Algerian forces who had ringed the Ain Amenas complex in a tense standoff had vowed not to negotiate with the kidnappers, who reportedly were seeking safe passage. Security experts said the end of the two-day standoff was in keeping with the North African country's tough approach to terrorism.
"I would not be surprised if the death toll was has high as the militants put it, it's a well-known fact that the Algerians never had problems causing a blood bath to respond to terrorist attacks," said Riccardo Fabiani, North Africa analyst for the Eurasia group, who expressed doubt over Algeria's claims that mediation was abandoned in the face of the kidnappers' intransigence. "I wonder whether really in 24 hours you can establish some kind of negotiations with terrorists, I don't think they really tried."
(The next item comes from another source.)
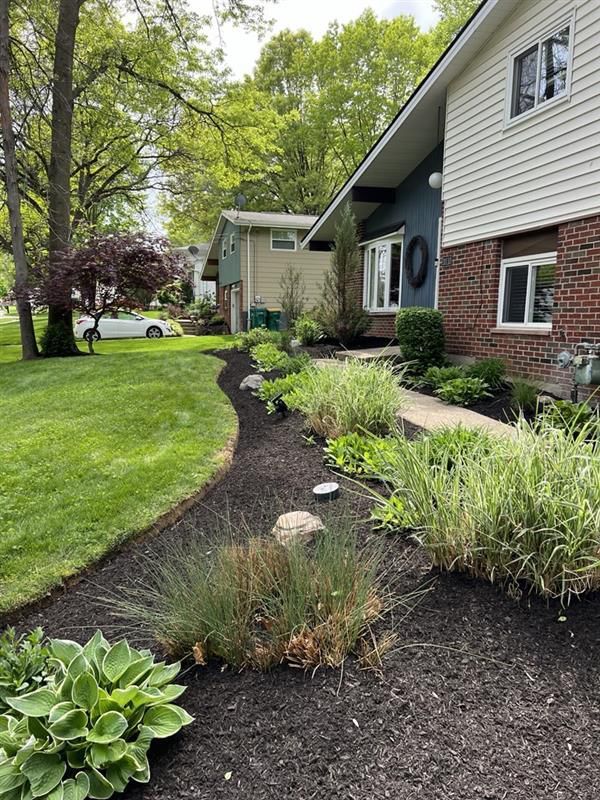 A house with a lush green lawn and a walkway leading to it.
The kidnapping is one of the largest ever attempted by a militant group in North Africa. The militants phoned a Mauritanian news outlet to demand that France end its intervention in neighboring Mali to ensure the safety of the hostages in the isolated plant, located 800 miles (1,300 kilometers) south of the capital of Algiers.
Phone contacts with the militants were severed as government forces closed in, according to the Mauritanian agency, which often carries reports from al-Qaida-linked extremist groups in North Africa.
A 58-year-old Norwegian engineer who made it to the safety of a nearby Algerian military camp told his wife how militants attacked a bus Wednesday before being fended off by a military escort.